→ WHAT IS BEING ASKED: Beginning at the line containing "The first thing" in the material below and ending at the line containing "That's all. Now", return each line exactly and add nothing.

TASK MATERIAL section start

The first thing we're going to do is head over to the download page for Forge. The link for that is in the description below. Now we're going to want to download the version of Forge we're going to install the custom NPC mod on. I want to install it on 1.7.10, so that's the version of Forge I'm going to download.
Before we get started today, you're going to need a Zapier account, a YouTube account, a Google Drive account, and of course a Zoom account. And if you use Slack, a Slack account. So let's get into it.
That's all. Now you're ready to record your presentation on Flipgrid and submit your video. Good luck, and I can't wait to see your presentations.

TASK MATERIAL section end
TASK MATERIAL section start

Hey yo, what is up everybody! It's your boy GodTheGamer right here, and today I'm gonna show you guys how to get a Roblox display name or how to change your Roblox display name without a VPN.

TASK MATERIAL section end
TASK MATERIAL section start

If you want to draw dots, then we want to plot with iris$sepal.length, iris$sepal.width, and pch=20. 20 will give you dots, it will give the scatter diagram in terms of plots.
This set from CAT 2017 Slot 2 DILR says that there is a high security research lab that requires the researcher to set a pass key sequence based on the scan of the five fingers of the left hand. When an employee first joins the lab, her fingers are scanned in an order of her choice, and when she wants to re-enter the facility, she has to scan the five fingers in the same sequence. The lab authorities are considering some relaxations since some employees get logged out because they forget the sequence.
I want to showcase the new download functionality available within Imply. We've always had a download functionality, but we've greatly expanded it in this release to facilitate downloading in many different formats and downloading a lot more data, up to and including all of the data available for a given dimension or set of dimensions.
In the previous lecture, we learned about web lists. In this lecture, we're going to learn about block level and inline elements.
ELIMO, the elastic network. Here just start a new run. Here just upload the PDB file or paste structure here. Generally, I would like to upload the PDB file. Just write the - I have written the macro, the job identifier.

TASK MATERIAL section end

→ RESPONSE TO THIS EXERCISE:
The first thing we're going to do is head over to the download page for Forge. The link for that is in the description below. Now we're going to want to download the version of Forge we're going to install the custom NPC mod on. I want to install it on 1.7.10, so that's the version of Forge I'm going to download.
Before we get started today, you're going to need a Zapier account, a YouTube account, a Google Drive account, and of course a Zoom account. And if you use Slack, a Slack account. So let's get into it.
That's all. Now you're ready to record your presentation on Flipgrid and submit your video. Good luck, and I can't wait to see your presentations.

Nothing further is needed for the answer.